# COMMUNITY : FORUMS : TECH

## Problem with low battery indicator

Hi guys,

I have built a low battery indicator circuit for a 6V battery source. It will light up a led when the voltage reaches below 5V.
The 6V battery source powers a servo motor, which is controlled by a microcontroller.

The problem I have is that when the servo motor rotates, the led lights up. And when the servo stops rotating, the led goes off. This happens even when the battery is above 5V. Any idea what is wrong? And how I could rectify the problem?

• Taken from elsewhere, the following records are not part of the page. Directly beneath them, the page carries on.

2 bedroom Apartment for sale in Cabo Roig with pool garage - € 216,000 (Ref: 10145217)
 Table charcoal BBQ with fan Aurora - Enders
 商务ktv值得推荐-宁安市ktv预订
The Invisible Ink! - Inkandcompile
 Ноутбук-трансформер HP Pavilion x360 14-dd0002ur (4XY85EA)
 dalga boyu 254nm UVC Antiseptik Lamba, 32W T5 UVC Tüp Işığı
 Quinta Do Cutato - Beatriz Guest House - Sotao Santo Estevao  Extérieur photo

I have attached the circuit of the low battery indicator, if it helps.

mpilchfamily4 years ago
Nothing wrong with your indicator. It's doing the job it was designed to do. Your just taxing the battery quite a bit causing a temporary voltage drop.
Orngrimm4 years ago

Every battery also has an internal resistance. The more you empty a battery the higher this internal resistance becomes (normally).
Now: If you draw current from the battery, this internal resistance also causes a voltage drop WITHIN the battery in the order of
Uloss = Idrawn * Rinternal
Lets say you draw 1 amp (Not uncommon for a motor) and your interal resiatance is around 1 Ohm, you loose 1 Volt within the battery. If your voltage-divider is set up in a way that it detects your (now by 1 volt lower) batteryvoltage during the motor-action, it will trigger since at the moment you are drawing current, that IS the voltage of the battery.
If you stop drawing current, the Current is 0 again and whatever your internal resistance is, if you multiply it with 0 amp you get 0V drop again.
So summarised:

Motor OFF:
Internal resistance in the battery: 1 Ohm
Current drawn: 0A
Voltage: 5V
Detector-level of the circuit: 4.2V (wild guess)
State of circuit: Not lighted.

Motor ON:
Internal resistance: 1 Ohm
Current drawn: 0A
Voltage with motor ON: 4V
Detector-level of the circuit: 4.2V (wild guess)
State of circuit: LIGHTED

Often people think a battery has a voltage which may drop a bit over the course of its lifetime, but stays constant no matter what current you draw from it. Not true. Not at all. :)